• DATA SHOWN
────────────────
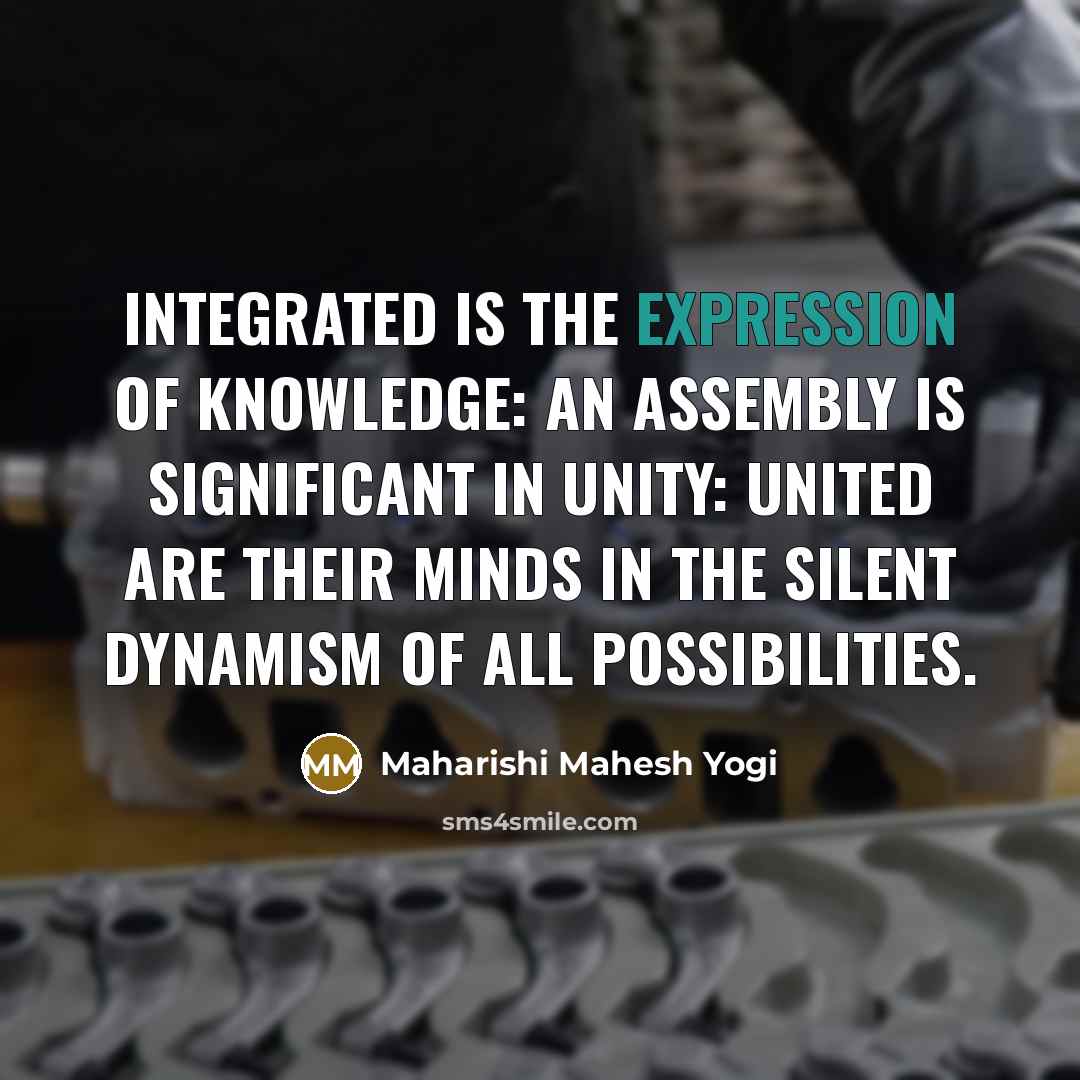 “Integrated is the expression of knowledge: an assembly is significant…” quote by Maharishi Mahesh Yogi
────────────────
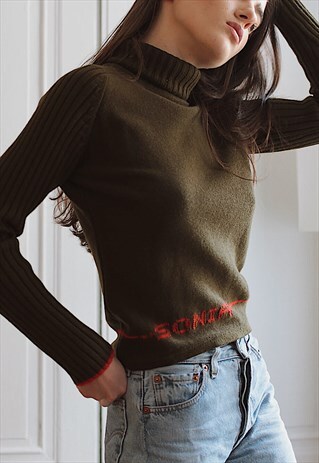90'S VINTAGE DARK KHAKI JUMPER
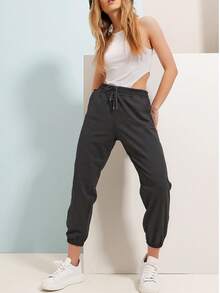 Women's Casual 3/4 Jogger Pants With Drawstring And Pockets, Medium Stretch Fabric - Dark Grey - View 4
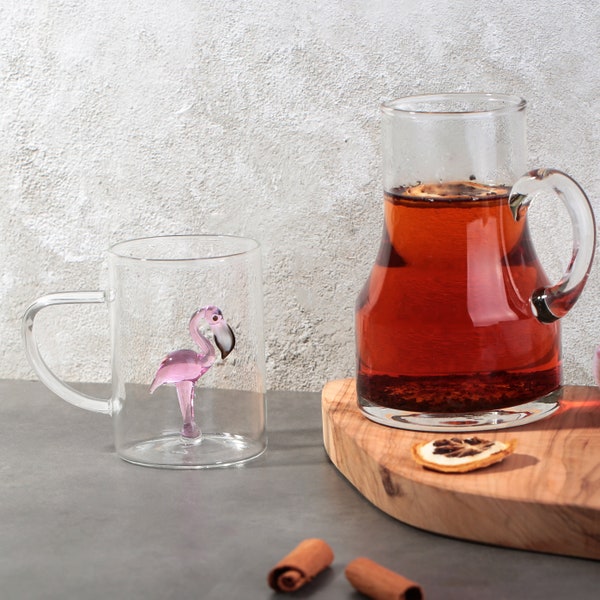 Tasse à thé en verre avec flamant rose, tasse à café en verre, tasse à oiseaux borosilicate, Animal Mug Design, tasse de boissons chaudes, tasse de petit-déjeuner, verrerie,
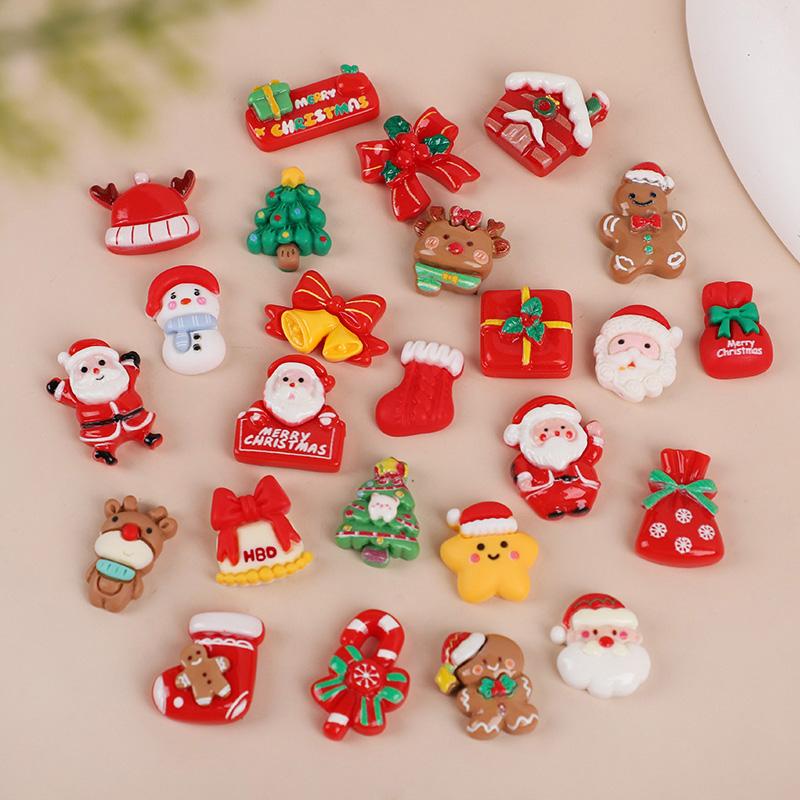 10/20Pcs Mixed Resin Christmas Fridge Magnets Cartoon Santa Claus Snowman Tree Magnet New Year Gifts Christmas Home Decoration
────────────────
• YOUR TASK
In the listing above, find the line containing "Women's Casual 3/4". Output it and every line after it up to and including the line containing "Tasse à thé", exactly, but skip the pictures.

• TASK RESPONSE
 Women's Casual 3/4 Jogger Pants With Drawstring And Pockets, Medium Stretch Fabric - Dark Grey - View 4
 Tasse à thé en verre avec flamant rose, tasse à café en verre, tasse à oiseaux borosilicate, Animal Mug Design, tasse de boissons chaudes, tasse de petit-déjeuner, verrerie,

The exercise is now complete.